Oil prices rose today, helped by expectations that an OPEC-led output cut would be extended beyond June but gains were pegged back by concerns about persistently high crude inventories. 

The Organisation of the Petroleum Exporting Countries and some non-OPEC producers agreed to curb production from January 1 by 1.8 million barrels per day (bpd) for six months to drain crude from record stockpiles. 

But oil inventories remain stubbornly large. 

OPEC sources have indicated the group's members increasingly favour an extension but want the backing of non-OPEC oil producers, which have yet to deliver fully on existing reductions. 

Brent crude, the international benchmark for oil, was up 36 cents at $51.98 per barrel, rebounding from last week's three-month low of $50.25 but well below January's surge above $58 in the wake of the output cuts. 

US West Texas Intermediate crude rose 31 cents to $48.53. 

Further gains may depend on data on US inventories from the American Petroleum Institute (API) later tonight. 

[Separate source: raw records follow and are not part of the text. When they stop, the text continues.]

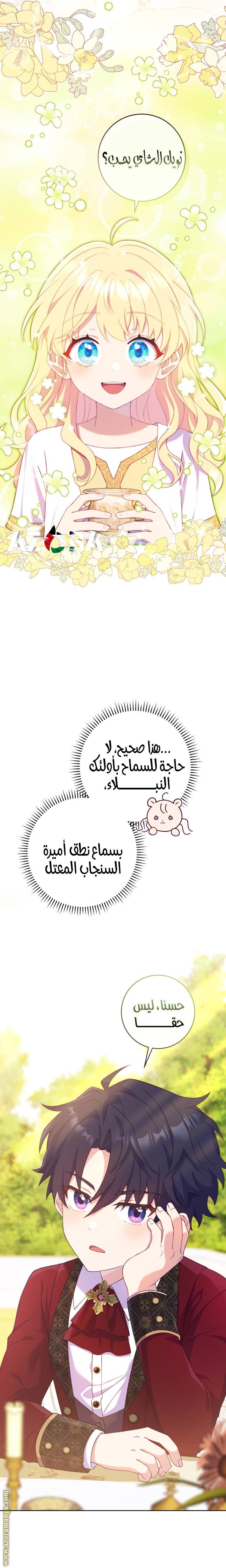 الصفحة 12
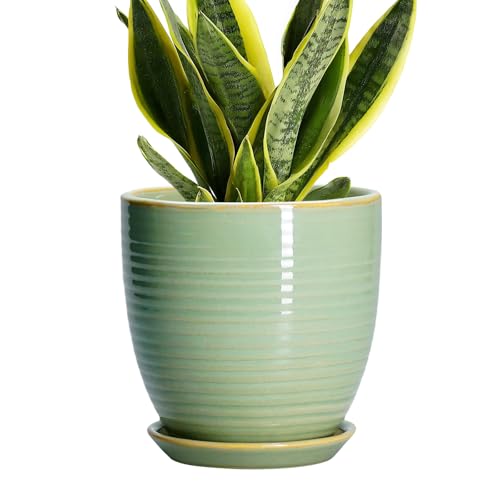 Ceramic Plant Pots - 6 Inch Ceramic Planter with Drainage Hole and Saucer, Modern Planters for Indoor Outdoor Plants, Round Flower Pots, Office House Decor, Gifts for Women Men, Bright Green - color: Bright Green, size: 6 Inch
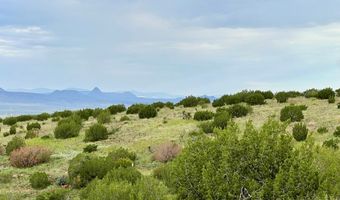 Tract 56 Sierra La Rana, Alpine, TX 79830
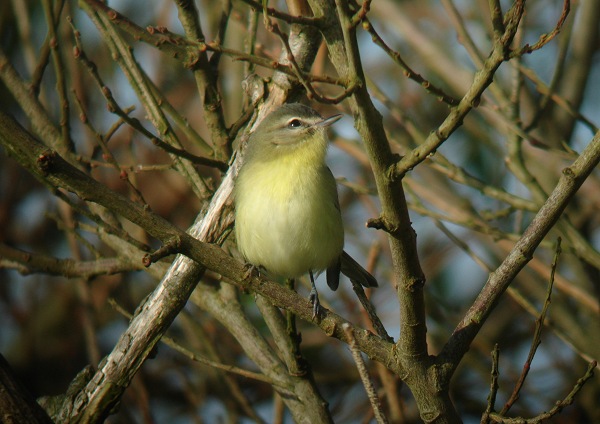 Philadelphia Vireo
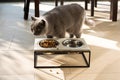 Beautiful cat approaching a food bowl Royalty Free Stock Photo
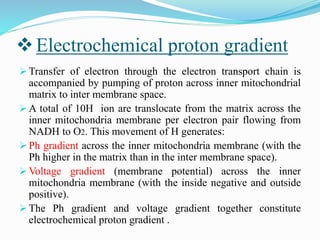Electron Transport Chain and oxidative phosphorylation @meetpadhiyar | PPTX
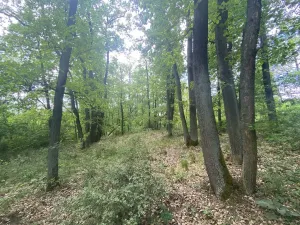 Prodej lesa, Silůvky, 1739 m2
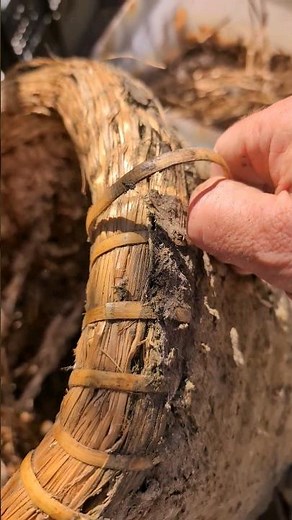 Warum nur? Imker zerlegt Bienenkorb, und dann geschieht das:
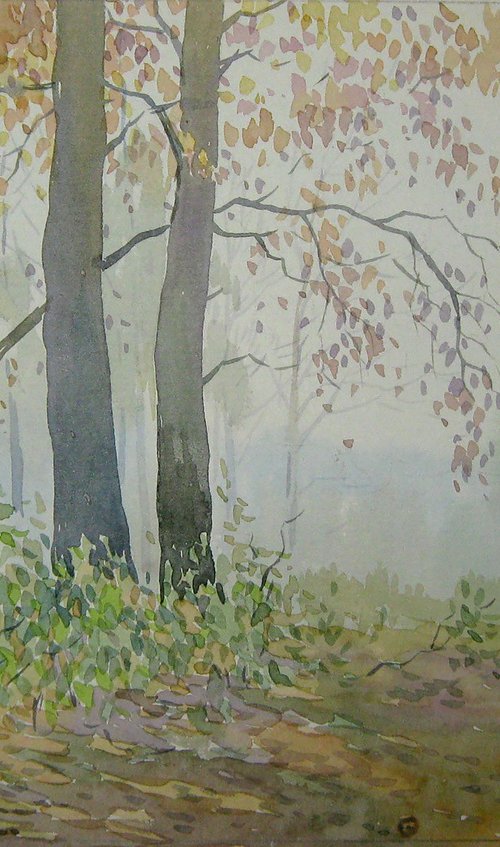 Foggy forest by Valeriy Savenets-1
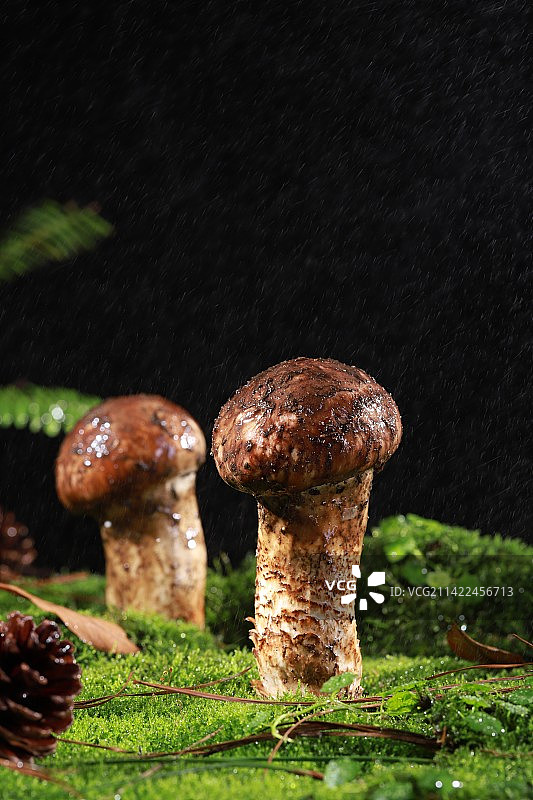 新鲜松茸图片素材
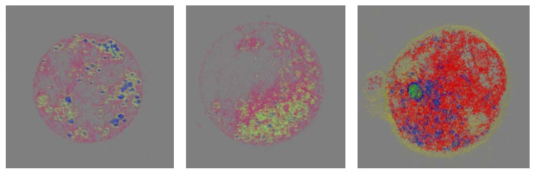 H292 sensitive, H292 EGFR mutation, H1993 cell (왼쪽부터 순서대로), blue= 확인되지 않은 vesicle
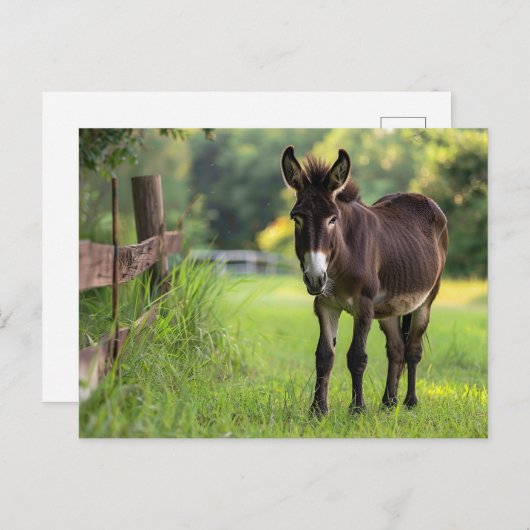 Carte postale Donkey (Devant / Derrière)
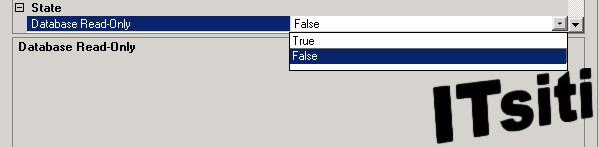 SQL Server Database Read Only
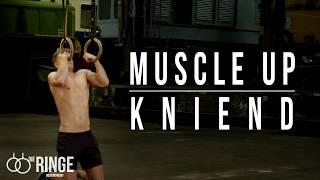 Ring Muscle Up kniend | Die wichtigste Vorübung | Die Ringe Bodyworkout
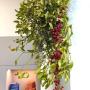 Stefania Colurso Progetto Benessere
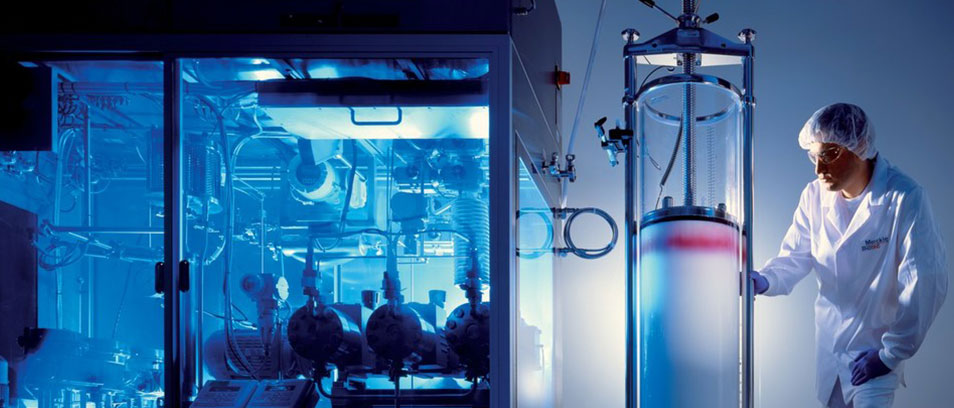 Einstieg Biotechnologie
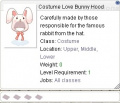 Love Bunny Hood.jpg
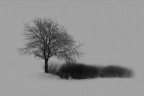 L'essenziale L'essenziale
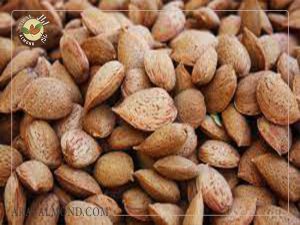 خرید بادام ربیع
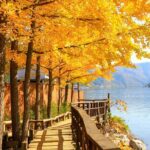 Seoul to/from Nami Island: Round trip Shuttle Bus Service - Detailed Review of the Seoul to Nami Island Shuttle Bus Service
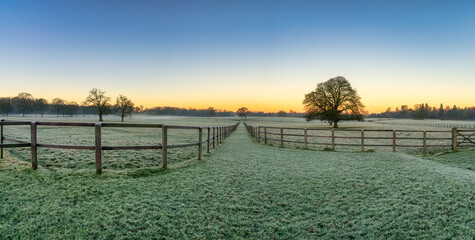 Green frosty meadow in winter at sunrise. Woburn Park in England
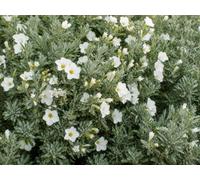 Direct Plants 6X Convolvulus Cneorum Flowering Silver Bush 2/3L Pots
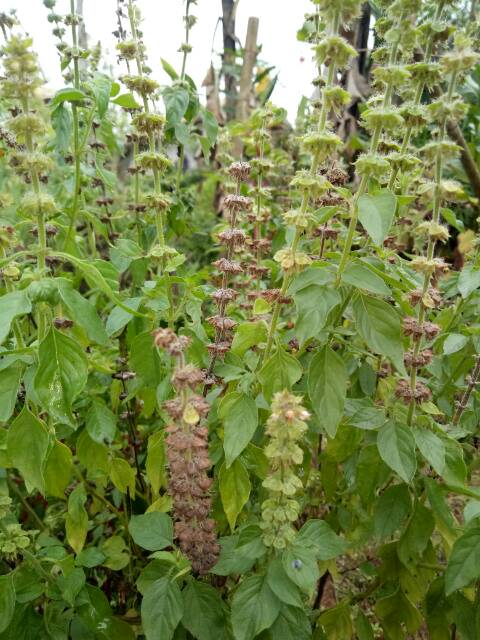 BIBIT BENIH DAUN KEMANGI PAKET 100 BIJI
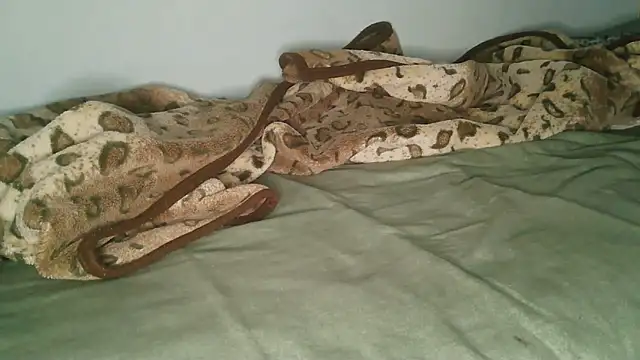 Horny208 live sex cam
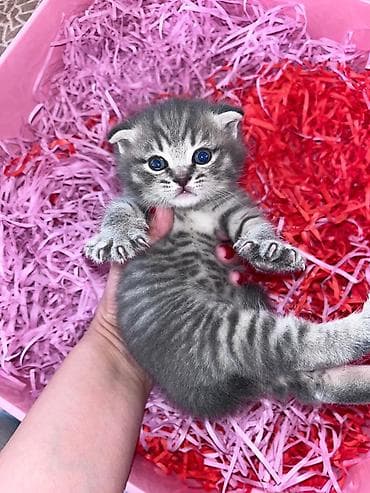 Digər heyvanlar: Erkək, Dişi, Yaxşı əllərə, Ünvandan götürmə, Pulsuz çatdırılma, Ödənişli çatdırılma — 5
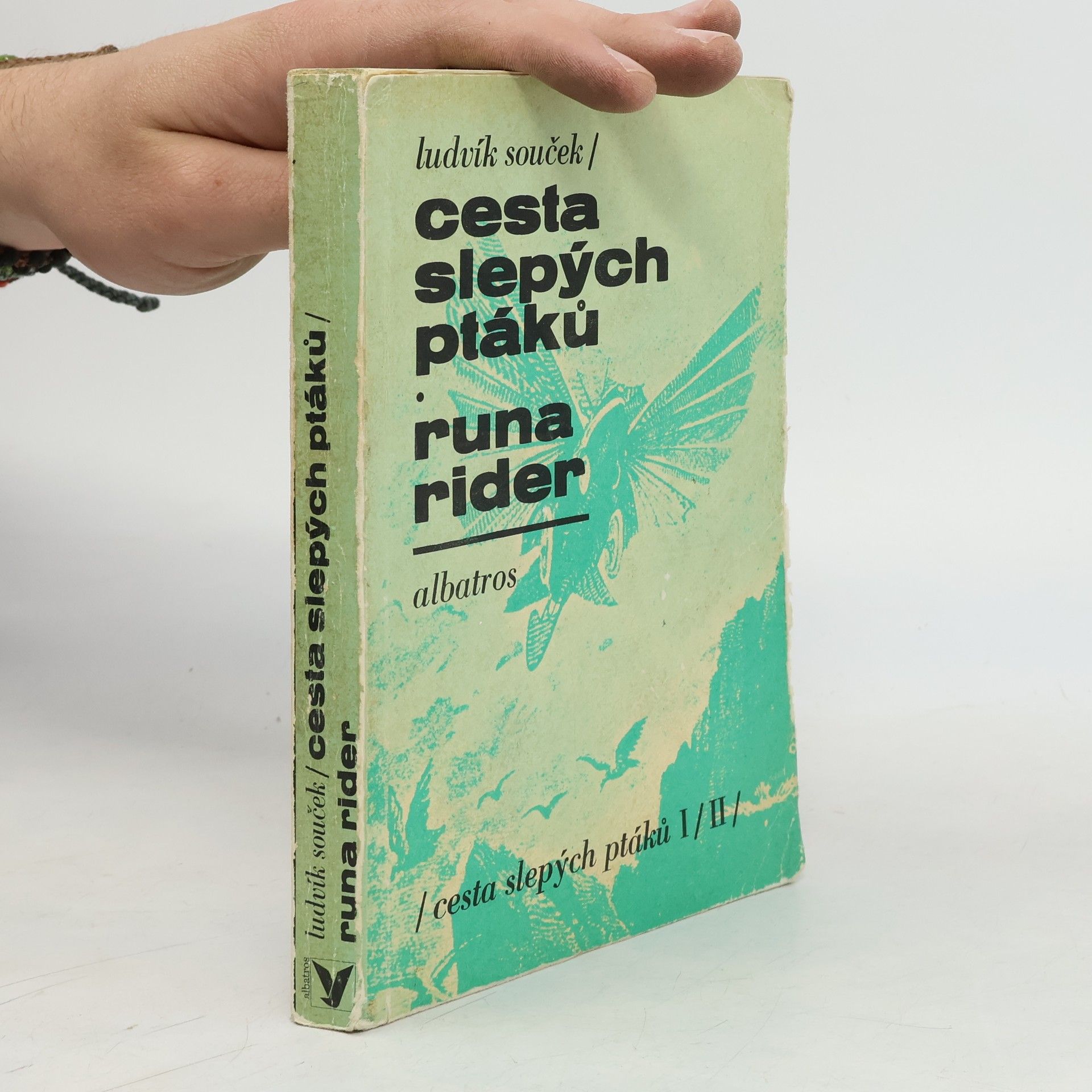 Ludvík Souček Cesta slepých ptáků. Runa rider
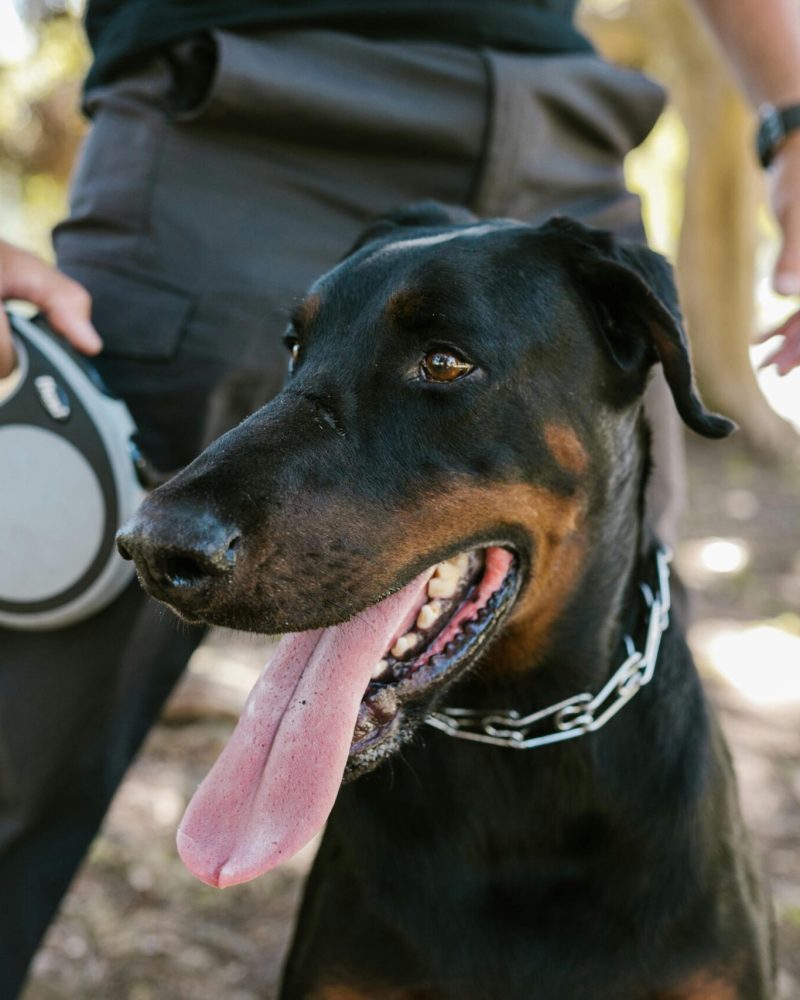 A doberman on a leash outdoors with owner's hand visible, showcasing pet companionship.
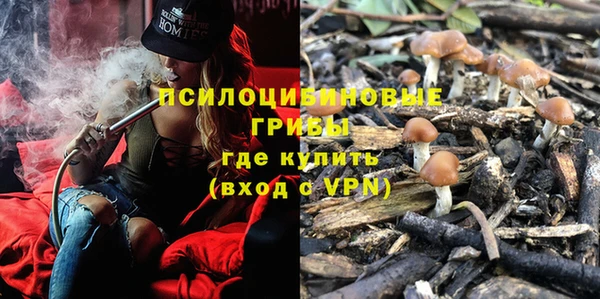 mix Богородицк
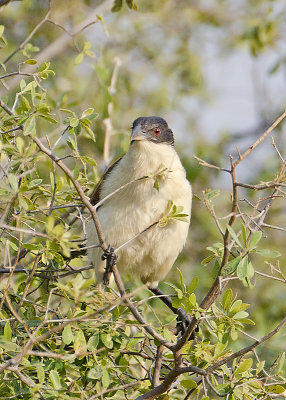 Coppery-tailed Coucal-Kings Pool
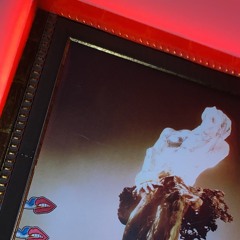 𝐅𝐥𝐞𝐱𝐱𝐱 𝐔𝐩 ✦ ݁˖⊹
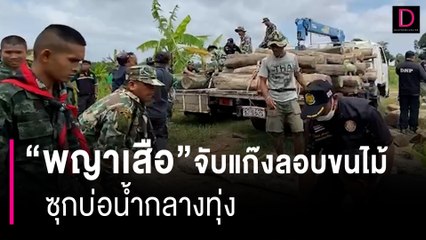 "พญาเสือ" จับแก๊งลอบขนไม้พะยูง เครือข่าย "มู่หลาน" ซุกบ่อน้ำกลางทุ่ง | HOTSHOT เดลินิวส์ 07/06/66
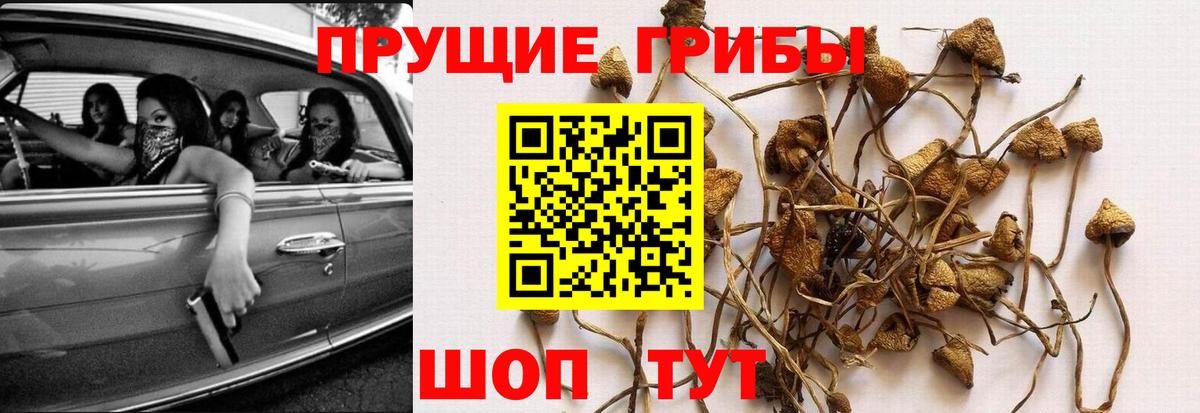 Самара  Галлюциногенные грибы мухоморы  Псилоцибиновые грибы MAGIC MUSHROOMS  Вход с VPN 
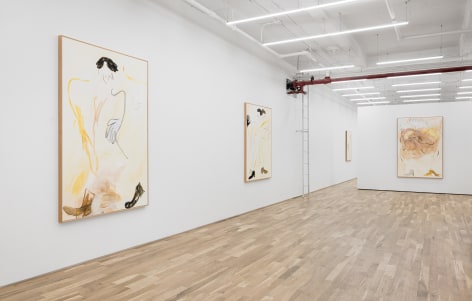 Installation view of Ricardo Gonzalez &quot;Traces&quot;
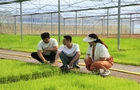 持续深化“六大新行动” 全力实施“开局八好”｜全县晚稻插秧忙 机械化助力“智慧种田”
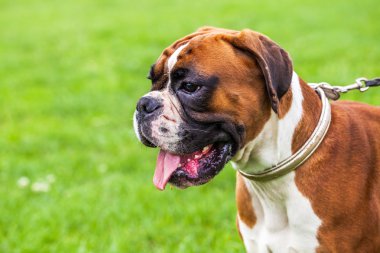 Yeşil çimenlikteki köpek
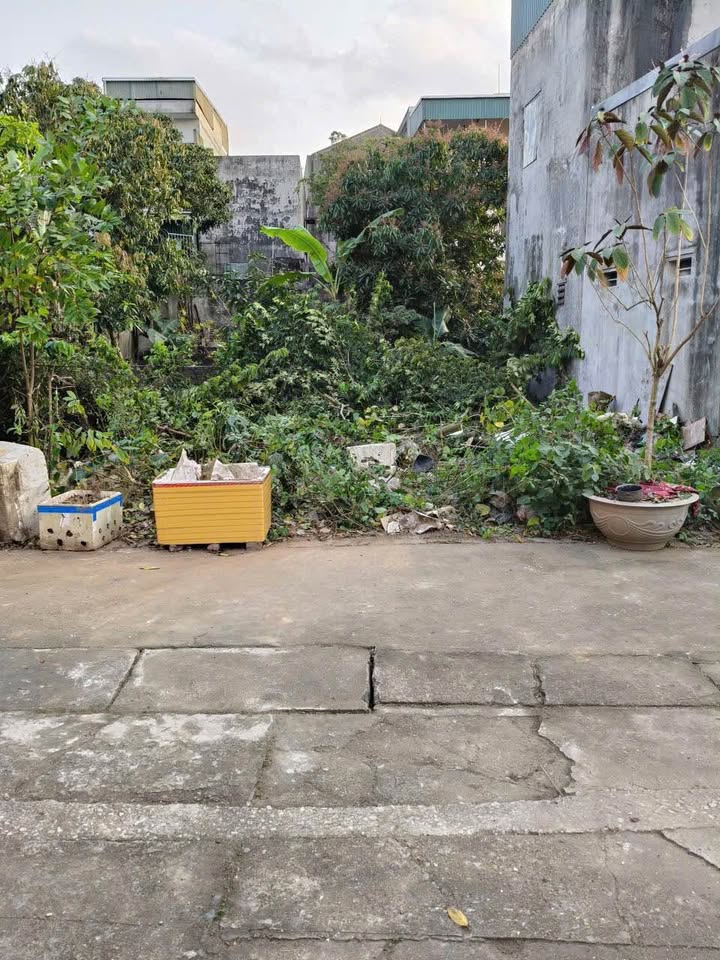 Bán đất Cẩm Thượng, TP. Hải Dương 44m² - Giá chỉ 7xx triệu, ô tô vào tận nơi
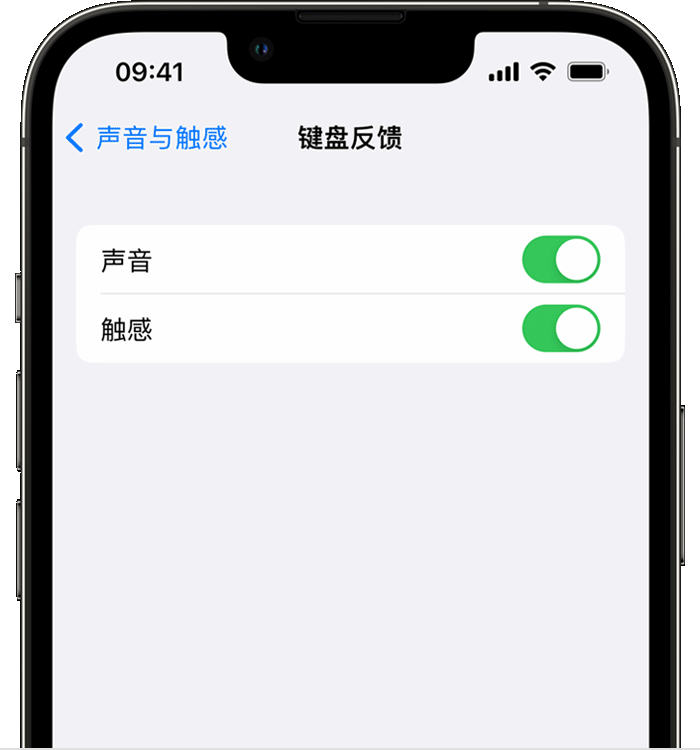 关岭苹果14维修店分享如何在 iPhone 14 机型中使用触感键盘 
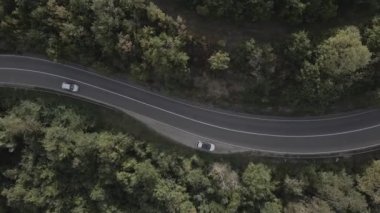 Sırbistan 'da yeşil ve manzara taşımacılığı ve seyahat konseptiyle çevrili dolambaçlı yol boyunca giden bahar aracı otomobili sırasında, bir dağ sırasındaki eğimli asfalt bir yolun hava aracı görüntüleri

Last week's report by the API industry group showed a surprise fall in overall stockpiles in the week to March 10. This time analysts expect a rise back towards record highs. 

Stockpiles at the Cushing, Oklahoma delivery hub for WTI may be a particular focus in the API data. 

Stocks at Cushing rose in the week to March 10, helping to widen the premium for Brent over WTI. The gap now stands at around $2.70 for May delivery. 

However, if supply restraints stay in place, analysts said solid global demand could gradually help rebalance the market, even with expanding US production of shale oil.